Purplebricks puts faith in brand’s ‘significant value’ as it seeks a buyer
Despite mounting losses, Purplebricks’ brand health is ahead of some of its biggest traditional estate agent rivals on measures including awareness, consideration and customer impression.
Online estate agent Purplebricks is touting the brand’s “significant value” as it seeks a buyer for its business, after forecasting a loss of £15m to £20m this year.
The company’s board says the brand has secure a competitive advantage after more than a decade spent building its recognition within the UK estate agency market. However, it believes the business’s potential may be “better realised” under an alternative ownership structure.
Indeed, from a brand health perspective, Purplebricks is leagues ahead of some of its biggest traditional estate agent rivals.

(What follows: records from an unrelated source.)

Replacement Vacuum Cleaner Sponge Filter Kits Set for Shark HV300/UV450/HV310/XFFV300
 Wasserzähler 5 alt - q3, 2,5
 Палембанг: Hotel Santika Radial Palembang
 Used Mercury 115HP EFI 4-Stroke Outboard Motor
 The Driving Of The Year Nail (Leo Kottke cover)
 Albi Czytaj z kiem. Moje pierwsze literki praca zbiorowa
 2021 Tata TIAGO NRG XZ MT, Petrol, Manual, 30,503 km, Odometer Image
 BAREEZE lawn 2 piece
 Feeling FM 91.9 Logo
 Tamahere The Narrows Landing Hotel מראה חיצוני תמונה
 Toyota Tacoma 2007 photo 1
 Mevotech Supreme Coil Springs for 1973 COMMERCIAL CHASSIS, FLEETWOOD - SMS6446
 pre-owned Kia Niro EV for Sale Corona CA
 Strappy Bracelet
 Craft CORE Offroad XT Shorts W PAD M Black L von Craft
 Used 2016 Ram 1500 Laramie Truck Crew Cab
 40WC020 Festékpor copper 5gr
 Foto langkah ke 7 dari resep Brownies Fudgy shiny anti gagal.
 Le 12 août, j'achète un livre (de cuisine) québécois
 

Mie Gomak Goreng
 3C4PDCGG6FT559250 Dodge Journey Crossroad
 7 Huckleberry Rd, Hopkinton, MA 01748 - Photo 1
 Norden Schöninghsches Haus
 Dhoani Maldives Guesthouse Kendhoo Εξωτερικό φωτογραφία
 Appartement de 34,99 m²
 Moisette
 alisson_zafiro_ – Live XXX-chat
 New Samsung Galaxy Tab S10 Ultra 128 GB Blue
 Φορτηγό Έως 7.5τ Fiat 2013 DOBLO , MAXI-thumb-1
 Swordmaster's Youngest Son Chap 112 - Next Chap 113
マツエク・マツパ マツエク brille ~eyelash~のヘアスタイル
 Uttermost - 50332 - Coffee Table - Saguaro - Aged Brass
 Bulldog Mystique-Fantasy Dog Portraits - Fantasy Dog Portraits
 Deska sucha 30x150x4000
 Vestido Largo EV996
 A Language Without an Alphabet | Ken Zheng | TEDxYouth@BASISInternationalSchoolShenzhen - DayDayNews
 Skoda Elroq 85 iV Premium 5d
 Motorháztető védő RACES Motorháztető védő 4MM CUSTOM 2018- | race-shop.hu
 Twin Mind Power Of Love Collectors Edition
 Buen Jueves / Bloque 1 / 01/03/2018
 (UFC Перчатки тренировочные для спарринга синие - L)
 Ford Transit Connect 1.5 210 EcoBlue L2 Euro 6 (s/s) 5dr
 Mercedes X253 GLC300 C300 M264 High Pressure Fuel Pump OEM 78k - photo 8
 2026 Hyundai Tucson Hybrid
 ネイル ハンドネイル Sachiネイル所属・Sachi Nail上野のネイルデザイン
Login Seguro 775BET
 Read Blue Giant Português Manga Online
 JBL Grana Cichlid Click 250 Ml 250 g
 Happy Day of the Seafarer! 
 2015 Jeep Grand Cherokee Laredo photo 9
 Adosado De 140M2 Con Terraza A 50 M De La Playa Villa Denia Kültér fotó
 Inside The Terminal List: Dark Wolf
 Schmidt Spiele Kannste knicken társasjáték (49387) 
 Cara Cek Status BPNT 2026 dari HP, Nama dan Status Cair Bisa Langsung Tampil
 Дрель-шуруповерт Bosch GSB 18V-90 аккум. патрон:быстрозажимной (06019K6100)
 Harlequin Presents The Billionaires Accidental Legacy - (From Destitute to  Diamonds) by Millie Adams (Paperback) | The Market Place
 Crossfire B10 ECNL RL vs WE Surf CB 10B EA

According to YouGov’s BrandIndex tool, Purplebricks’ index score – a measure of overall brand health – averaged at 6.4 for the past half year, higher than Savills’ score of 6.1, Knight Frank’s 3.9, Bairstow Eve’s 0.9 and Foxton’s -1.1.
The brand also claims a superior awareness score (86.6), customer impression score (9.9) and consideration score (22.3). Savills is its closest rival on all three measures, with scores of 54.8, 8.9 and 8.6, respectively.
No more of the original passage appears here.